Documentation
¶
Overview ¶
Package Geometry2D provides methods for working with Geometry2D object instances.
Index ¶
- func Advanced() class
- func ClipPolygons(polygon_a []Vector2.XY, polygon_b []Vector2.XY) [][]Vector2.XY
- func ClipPolylineWithPolygon(polyline []Vector2.XY, polygon []Vector2.XY) [][]Vector2.XY
- func ConvexHull(points []Vector2.XY) []Vector2.XY
- func DecomposePolygonInConvex(polygon []Vector2.XY) [][]Vector2.XY
- func ExcludePolygons(polygon_a []Vector2.XY, polygon_b []Vector2.XY) [][]Vector2.XY
- func GetClosestPointToSegment(point Vector2.XY, s1 Vector2.XY, s2 Vector2.XY) Vector2.XY
- func GetClosestPointToSegmentUncapped(point Vector2.XY, s1 Vector2.XY, s2 Vector2.XY) Vector2.XY
- func GetClosestPointsBetweenSegments(p1 Vector2.XY, q1 Vector2.XY, p2 Vector2.XY, q2 Vector2.XY) []Vector2.XY
- func IntersectPolygons(polygon_a []Vector2.XY, polygon_b []Vector2.XY) [][]Vector2.XY
- func IntersectPolylineWithPolygon(polyline []Vector2.XY, polygon []Vector2.XY) [][]Vector2.XY
- func IsPointInCircle(point Vector2.XY, circle_position Vector2.XY, circle_radius Float.X) bool
- func IsPointInPolygon(point Vector2.XY, polygon []Vector2.XY) bool
- func IsPolygonClockwise(polygon []Vector2.XY) bool
- func LineIntersectsLine(from_a Vector2.XY, dir_a Vector2.XY, from_b Vector2.XY, dir_b Vector2.XY) any
- func MergePolygons(polygon_a []Vector2.XY, polygon_b []Vector2.XY) [][]Vector2.XY
- func OffsetPolygon(polygon []Vector2.XY, delta Float.X) [][]Vector2.XY
- func OffsetPolyline(polyline []Vector2.XY, delta Float.X) [][]Vector2.XY
- func PointIsInsideTriangle(point Vector2.XY, a Vector2.XY, b Vector2.XY, c Vector2.XY) bool
- func SegmentIntersectsCircle(segment_from Vector2.XY, segment_to Vector2.XY, circle_position Vector2.XY, ...) Float.X
- func SegmentIntersectsSegment(from_a Vector2.XY, to_a Vector2.XY, from_b Vector2.XY, to_b Vector2.XY) any
- func TriangulateDelaunay(points []Vector2.XY) []int32
- func TriangulatePolygon(polygon []Vector2.XY) []int32
- type Atlas
- type PolyBooleanOperation
- type PolyEndType
- type PolyJoinType
Constants ¶
This section is empty.
Variables ¶
This section is empty.
Functions ¶
func Advanced ¶
func Advanced() class
Advanced exposes a 1:1 low-level instance of the class, undocumented, for those who know what they are doing.
func ClipPolygons ¶
Clips [param polygon_a] against [param polygon_b] and returns an array of clipped polygons. This performs [constant OPERATION_DIFFERENCE] between polygons. Returns an empty array if [param polygon_b] completely overlaps [param polygon_a]. If [param polygon_b] is enclosed by [param polygon_a], returns an outer polygon (boundary) and inner polygon (hole) which could be distinguished by calling [method is_polygon_clockwise].

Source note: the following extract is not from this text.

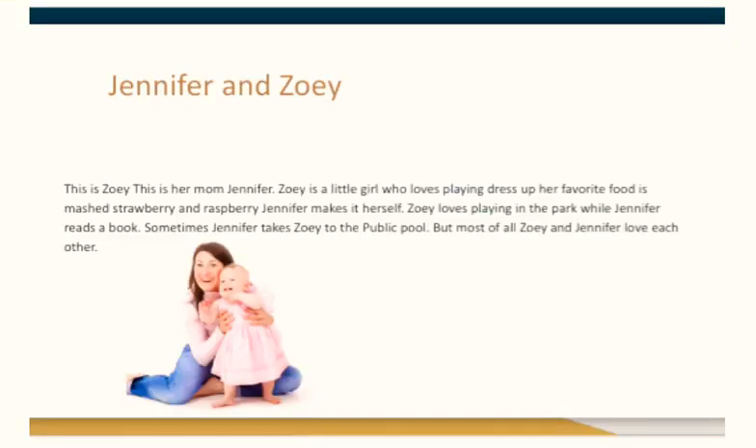Jennifer and Zoe. This is Zoe. This is her mom, Jennifer. Zoe is a little girl who loves playing dressing. Her favorite food is mashed strawberry and raspberry. Jennifer makes it herself. Zoe loves playing in the park while Jennifer reads a book.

func ClipPolylineWithPolygon ¶
Clips [param polyline] against [param polygon] and returns an array of clipped polylines. This performs [constant OPERATION_DIFFERENCE] between the polyline and the polygon. This operation can be thought of as cutting a line with a closed shape.
func ConvexHull ¶
Given an array of [Vector2]s, returns the convex hull as a list of points in counterclockwise order. The last point is the same as the first one.
func DecomposePolygonInConvex ¶
Decomposes the [param polygon] into multiple convex hulls and returns an array of [PackedVector2Array].
func ExcludePolygons ¶
Mutually excludes common area defined by intersection of [param polygon_a] and [param polygon_b] (see [method intersect_polygons]) and returns an array of excluded polygons. This performs [constant OPERATION_XOR] between polygons. In other words, returns all but common area between polygons. The operation may result in an outer polygon (boundary) and inner polygon (hole) produced which could be distinguished by calling [method is_polygon_clockwise].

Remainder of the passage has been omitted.